Spang recently completed a four-year college career with Boston University and played 40 games with the Terriers during the 2005-06 season for a total of 31 points (9 goals, 22 assists) and 14 penalty minutes. He earned a tryout contract with the Cleveland Barons and played eight games with the team at the end of the 2005-06 season.
Worcester has a mix of up-and-coming forwards and some experienced AHL vets in camp.
“Joe Pavelski has looked real strong,” Sommer said. “He had a real strong rookie tournament, he was about a point a game in the NHL exhibition schedule. Michal Macho, he’s come in here and he’s had a really good camp, but you know a veteran, Mathieu Darche has come in and also been real impressive, so you know, those are three guys we didn’t have last year, that I think can make a big impact for us up front.”
Pavelski is a seventh rounder from the 2003 Entry Draft. He played two seasons with the University of Wisconsin then opted out of his final two years of college to sign a pro contract with the Sharks. He put up 53 points in 41 games during the 2005-06 season in Wisconsin.

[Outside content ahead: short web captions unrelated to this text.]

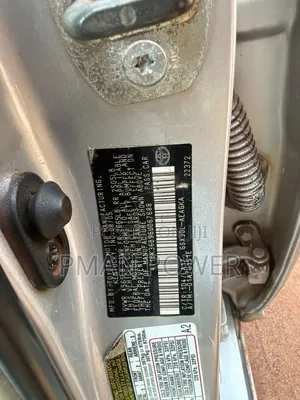 Toyota Avalon 2008 Silver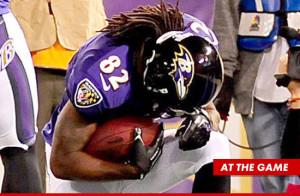 Ravens player plays game for brother, who died hours before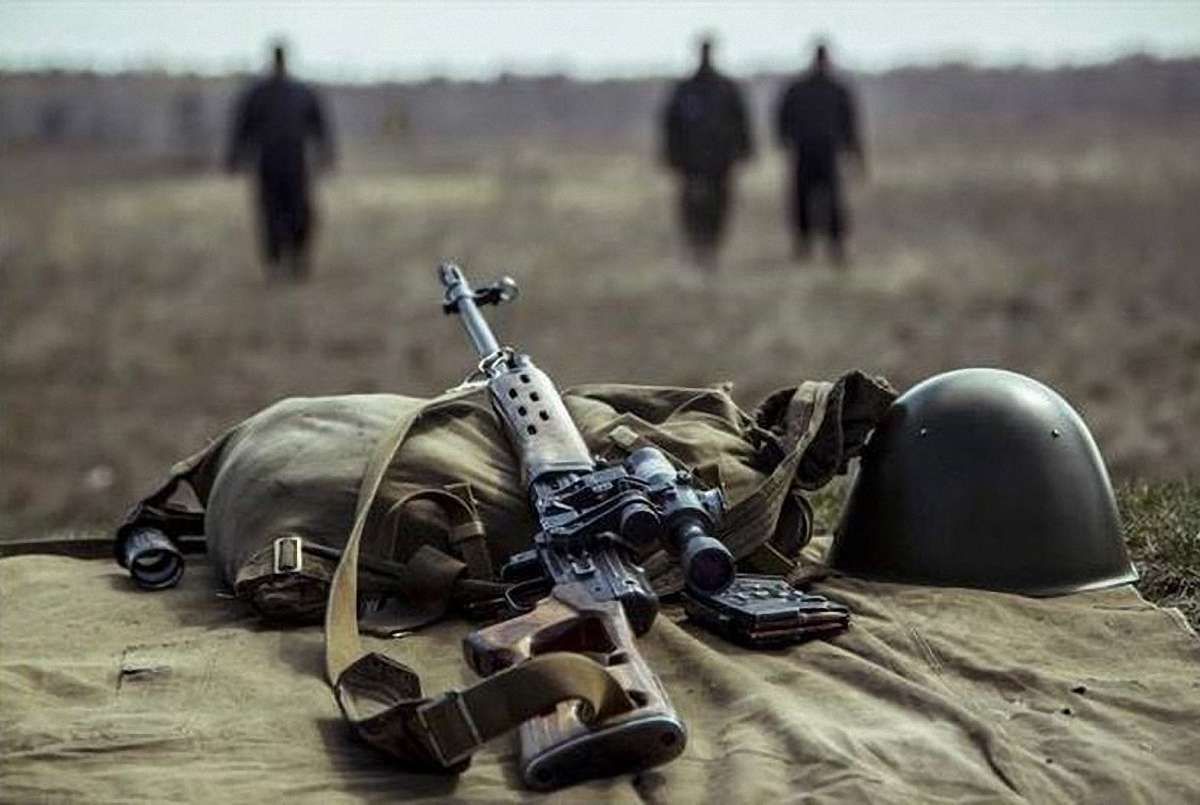 У перший день перемир'я на Донбасі загинули двоє військових
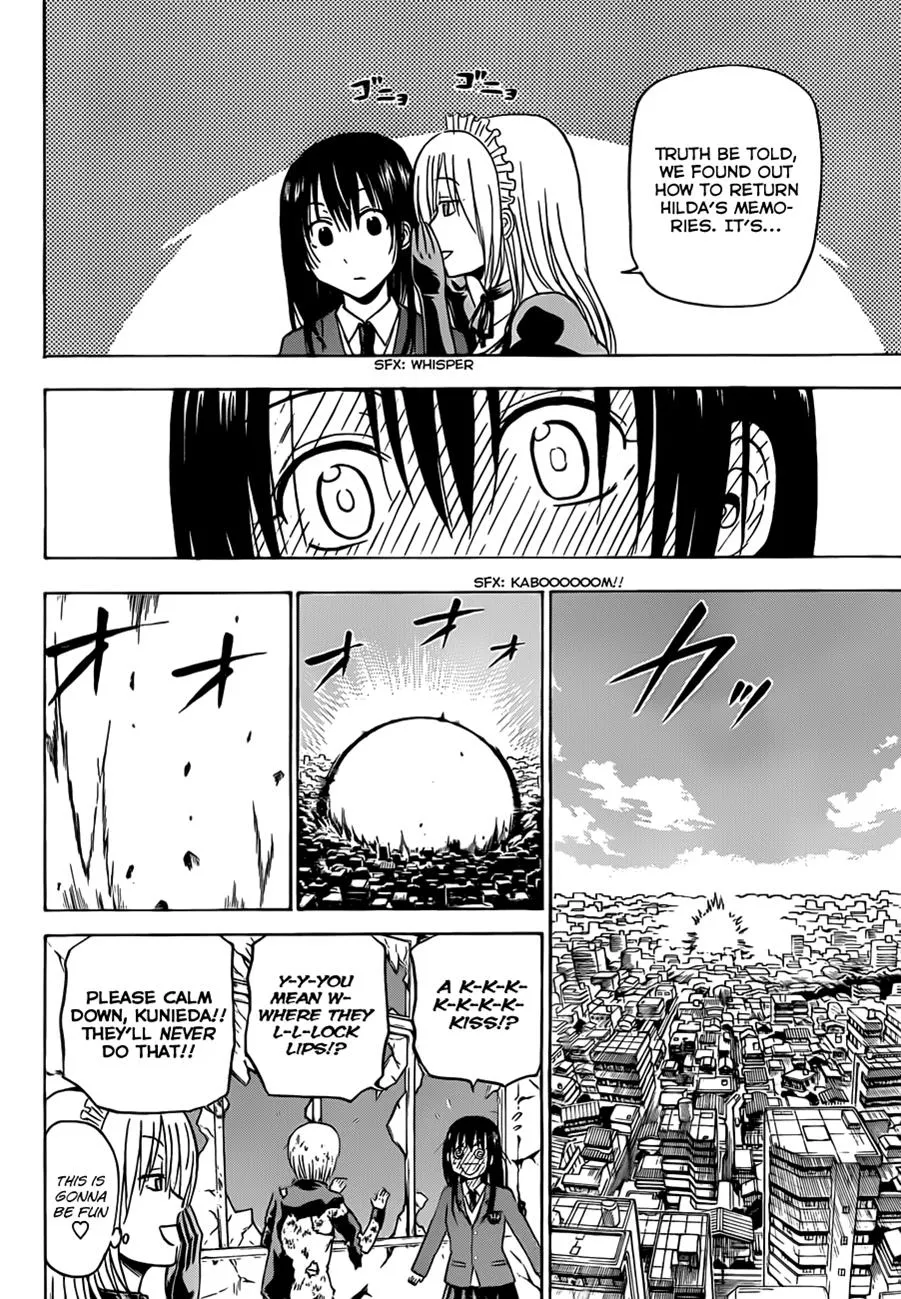 Read Beelzebub en Manga Online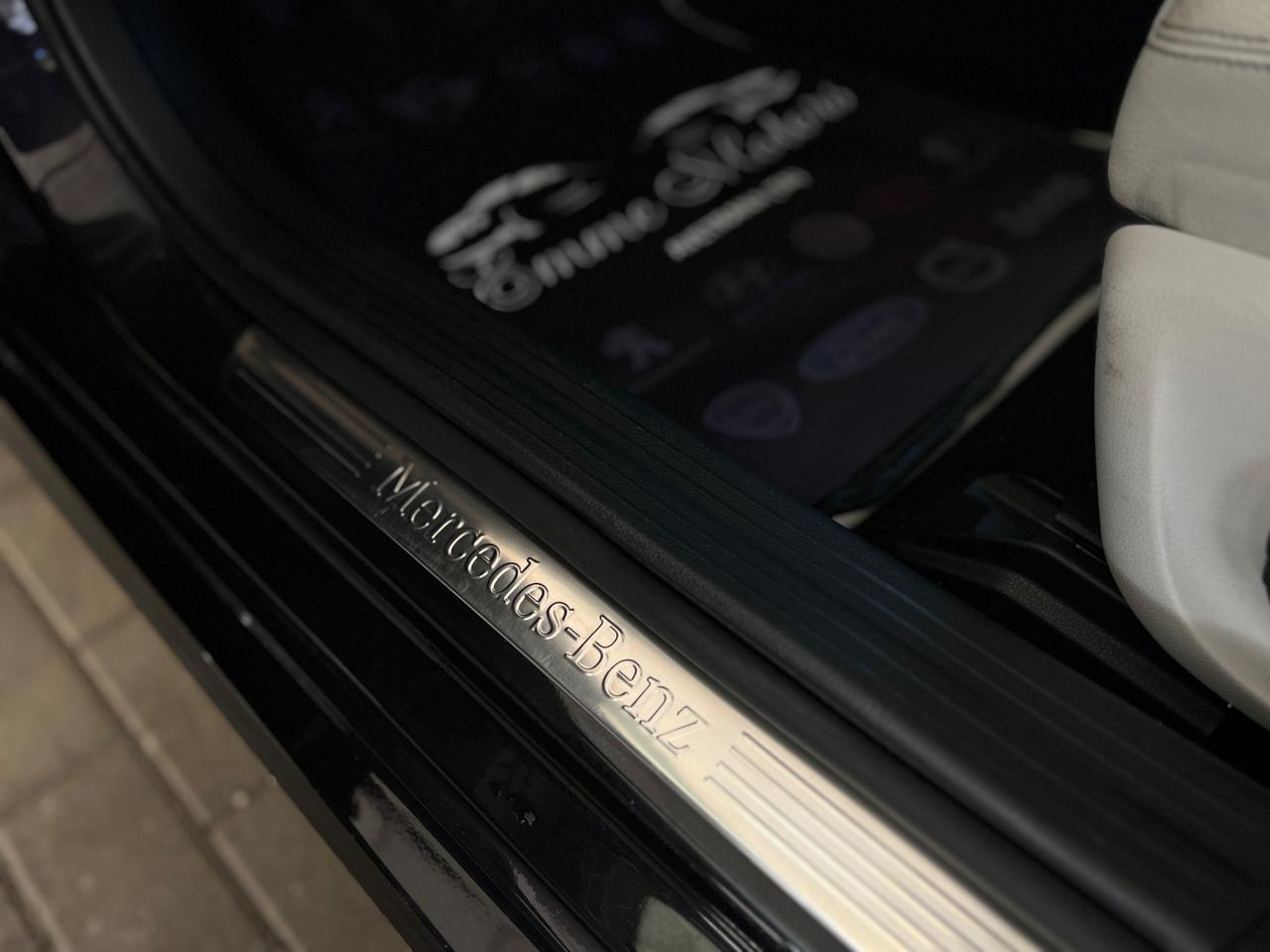 Mercedes-benz A 180 d Automatic Sport CRYSTAL GREY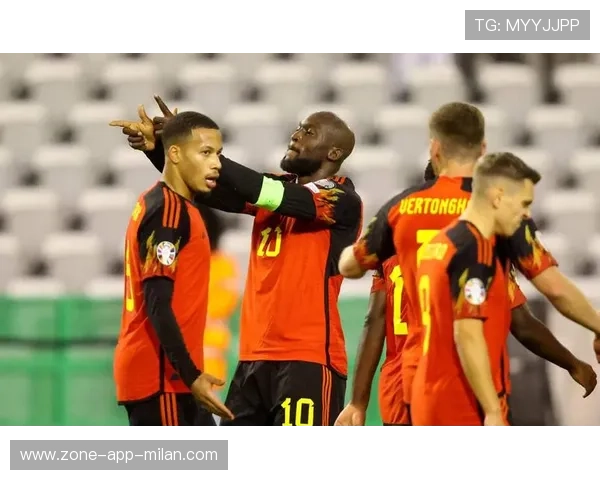 卢卡库禁区内抢点制胜,比利时锋线责任重大 卢卡库禁区内抢点制胜,比利时锋线责任重大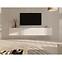 TV stolík Dallas 160 biela,6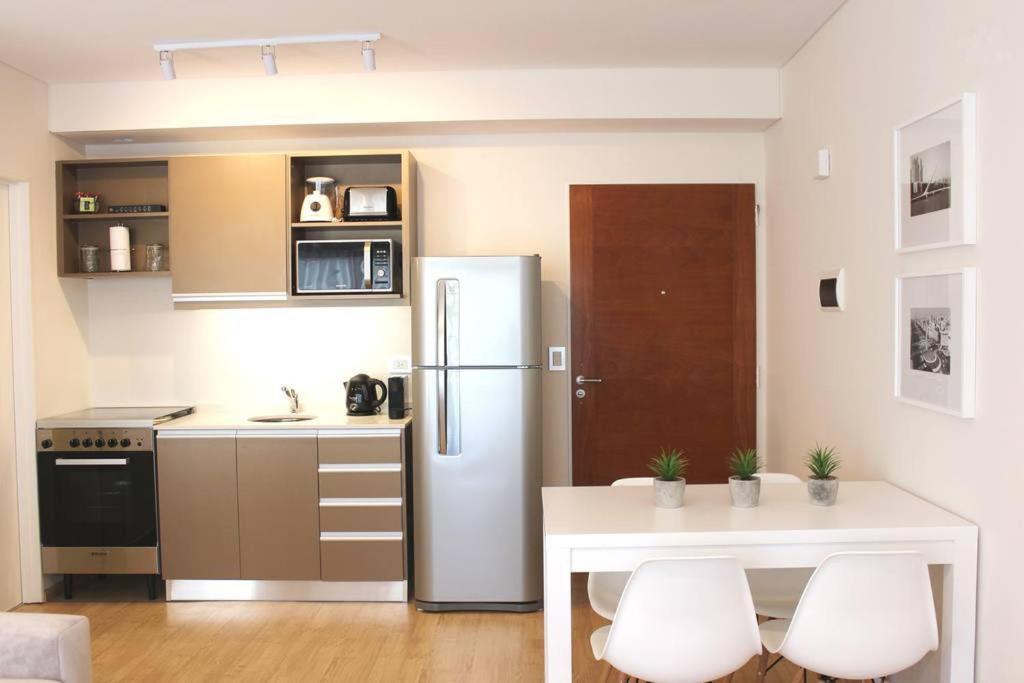 Baires Homes - Belgrano 부에노스아이레스 외부 사진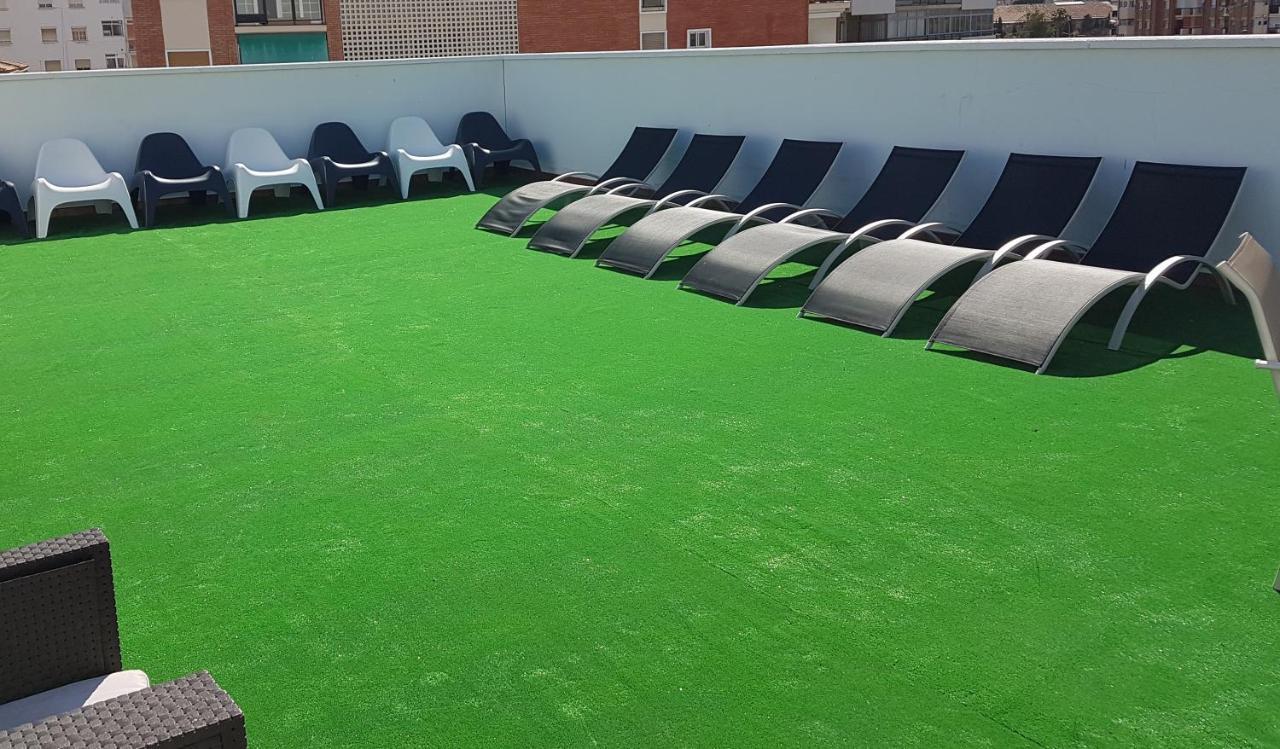 Apartamento Residencia Universitaria Alboran *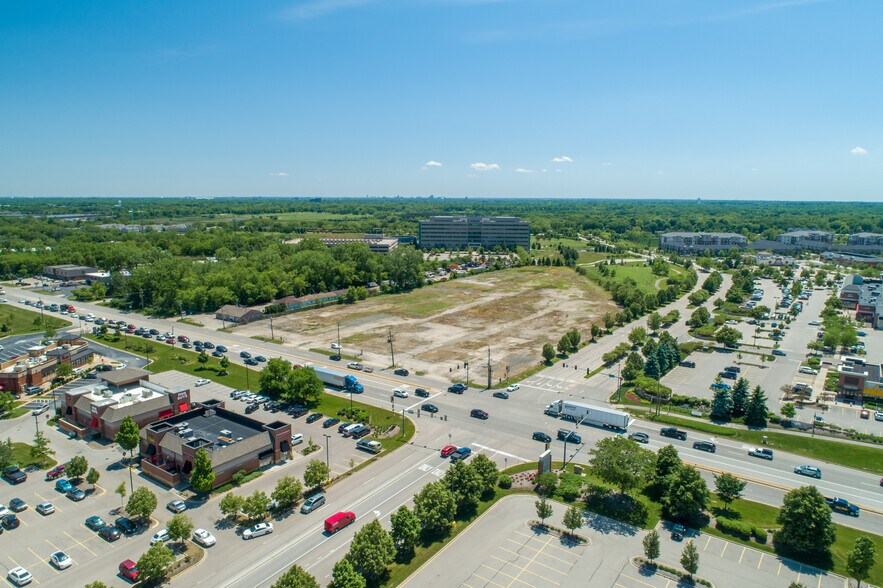 20450 Rand Rd, Deer Park, IL à vendre - Aérien – Image 2 sur 6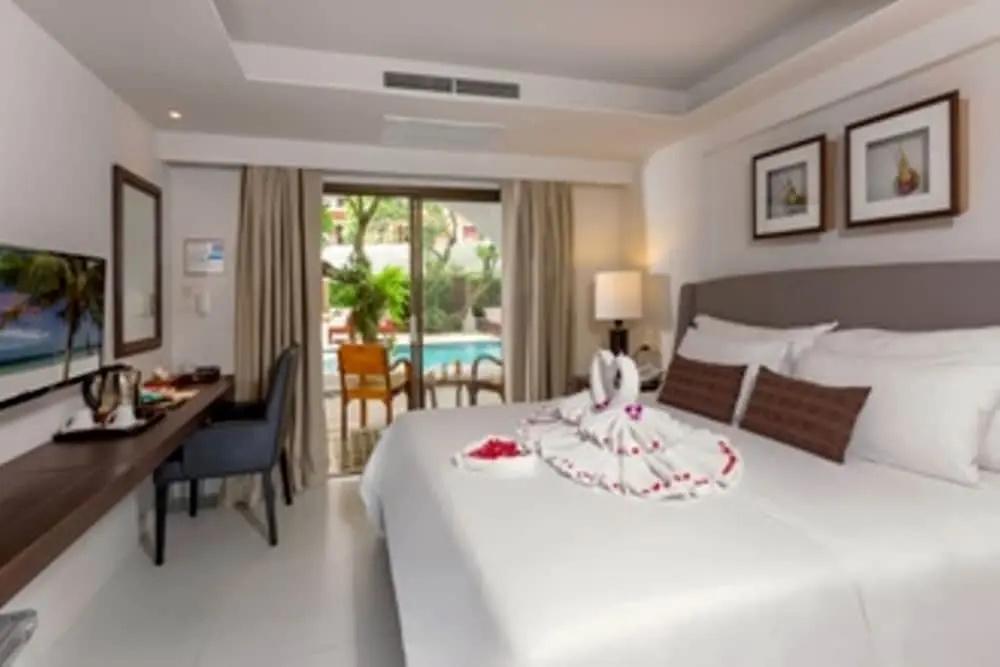 New Patong Premier Resort - Chambres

Tom Cavanagh will look to improve in his second year as a pro. The Harvard University grad had a late start during the 2005-06 season while he recovered from a knee injury, but went on to put up 21 points in 62 games as a rookie.
“You know he’s looked pretty good,“ said Sommer. “I think the biggest thing for him is to get his confidence going, and to stay healthy, heck if we can get him — you know I don’t like to put points on — but if he scores 15-20 goals for us this year, and is a plus player, that’ll be a big addition for us.”
Other returning players include Lukas Kaspar (LW), Mike Iggulden (RW), Tomas Plihal (LW), Jonathan Tremblay (RW) and Craig Valette (C). Kaspar returns for his second year as a pro after a 76-game rookie campaign with Cleveland, where he had 36 points and 88 penalty minutes. The promising 20-year-old wing was a Sharks first round pick in the 2004 Entry Draft. Iggulden is also entering his second year as a pro. The Cornell University graduate was signed by the Sharks as a free agent in January of 2006. He played 77 games with the Cleveland Barons during the 2005-06 season and had a total of 48 points. Plihal and Valette are both entering their fourth professional seasons, after three seasons with the Barons. Tremblay will look to stick after spending the majority of the 2005-06 season in the UHL.
Former Bruins draft pick Ashton Rome, who went unsigned and was drafted again by the Sharks in 2006, has a new contract and is also beginning his first professional season. The 20-year-old spent the majority of the 2005-06 season with the Kamloops Blazers (WHL). Rome picked up 47 points and 103 penalty minutes in 51 games with the Blazers.
“He’s got a lot of work to do,” admitted Coach Sommer. “His game’s definitely going to have to pick up, get a lot more intense, he’s got to be more focused, but there are some good things, too. He shoots the puck a ton, and he’s a big body. When he wants to go, he can go pretty good, but he’s just got to learn that it’s going to be a grind day in and day out, and he’s got to come to the rink a little bit more focused.”